(Source data)
☆ ☆ ☆ ☆ ☆ ☆ ☆

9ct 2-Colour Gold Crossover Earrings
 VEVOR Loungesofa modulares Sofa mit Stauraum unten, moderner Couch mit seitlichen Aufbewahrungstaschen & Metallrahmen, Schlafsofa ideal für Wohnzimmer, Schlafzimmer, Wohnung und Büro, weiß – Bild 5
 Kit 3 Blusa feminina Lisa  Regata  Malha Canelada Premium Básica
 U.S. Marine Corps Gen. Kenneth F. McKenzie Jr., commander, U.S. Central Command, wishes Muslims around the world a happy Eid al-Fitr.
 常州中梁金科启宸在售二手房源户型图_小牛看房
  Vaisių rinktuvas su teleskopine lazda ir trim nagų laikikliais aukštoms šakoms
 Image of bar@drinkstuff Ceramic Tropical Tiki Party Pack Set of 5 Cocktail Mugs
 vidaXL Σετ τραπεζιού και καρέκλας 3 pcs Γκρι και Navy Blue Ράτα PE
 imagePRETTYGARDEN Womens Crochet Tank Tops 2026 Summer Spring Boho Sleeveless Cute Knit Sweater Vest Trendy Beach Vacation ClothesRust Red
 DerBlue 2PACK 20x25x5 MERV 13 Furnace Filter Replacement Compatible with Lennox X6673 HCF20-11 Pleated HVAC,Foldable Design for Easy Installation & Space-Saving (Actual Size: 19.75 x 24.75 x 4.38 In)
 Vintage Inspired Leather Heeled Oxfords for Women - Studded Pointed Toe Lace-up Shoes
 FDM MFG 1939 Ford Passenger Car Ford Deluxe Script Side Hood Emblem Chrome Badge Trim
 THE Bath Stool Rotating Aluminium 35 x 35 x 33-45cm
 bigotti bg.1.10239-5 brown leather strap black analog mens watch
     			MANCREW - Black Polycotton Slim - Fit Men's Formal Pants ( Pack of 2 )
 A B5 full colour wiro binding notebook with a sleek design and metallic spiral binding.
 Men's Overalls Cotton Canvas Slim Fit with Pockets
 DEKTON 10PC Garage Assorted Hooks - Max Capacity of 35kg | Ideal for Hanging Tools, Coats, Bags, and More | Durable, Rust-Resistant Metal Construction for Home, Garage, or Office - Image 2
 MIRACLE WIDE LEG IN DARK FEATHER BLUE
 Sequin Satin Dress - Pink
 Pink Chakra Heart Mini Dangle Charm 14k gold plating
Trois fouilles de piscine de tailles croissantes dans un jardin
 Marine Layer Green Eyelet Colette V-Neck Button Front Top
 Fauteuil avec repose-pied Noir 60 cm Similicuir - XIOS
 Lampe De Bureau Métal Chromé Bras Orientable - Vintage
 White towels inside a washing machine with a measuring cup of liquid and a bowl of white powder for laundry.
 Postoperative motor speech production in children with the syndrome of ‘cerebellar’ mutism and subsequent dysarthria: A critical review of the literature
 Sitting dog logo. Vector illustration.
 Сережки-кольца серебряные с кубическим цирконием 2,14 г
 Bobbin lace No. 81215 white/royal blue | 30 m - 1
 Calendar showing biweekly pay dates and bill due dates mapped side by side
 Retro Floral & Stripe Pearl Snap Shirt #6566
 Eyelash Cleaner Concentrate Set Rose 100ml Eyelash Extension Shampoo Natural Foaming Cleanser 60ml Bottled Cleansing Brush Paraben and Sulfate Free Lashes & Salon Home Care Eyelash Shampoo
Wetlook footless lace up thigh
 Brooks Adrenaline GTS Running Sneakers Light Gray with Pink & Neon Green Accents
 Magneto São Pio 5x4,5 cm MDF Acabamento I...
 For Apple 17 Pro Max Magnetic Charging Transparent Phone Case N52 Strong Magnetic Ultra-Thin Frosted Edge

☆ ☆ ☆ ☆ ☆ ☆ ☆

### Directions for this task:
Exactly the lines from the one that holds "Eyelash Cleaner Concentrate" through the final line of the records above should be written out, and only those.

### Output:
 Eyelash Cleaner Concentrate Set Rose 100ml Eyelash Extension Shampoo Natural Foaming Cleanser 60ml Bottled Cleansing Brush Paraben and Sulfate Free Lashes & Salon Home Care Eyelash Shampoo
Wetlook footless lace up thigh
 Brooks Adrenaline GTS Running Sneakers Light Gray with Pink & Neon Green Accents
 Magneto São Pio 5x4,5 cm MDF Acabamento I...
 For Apple 17 Pro Max Magnetic Charging Transparent Phone Case N52 Strong Magnetic Ultra-Thin Frosted Edge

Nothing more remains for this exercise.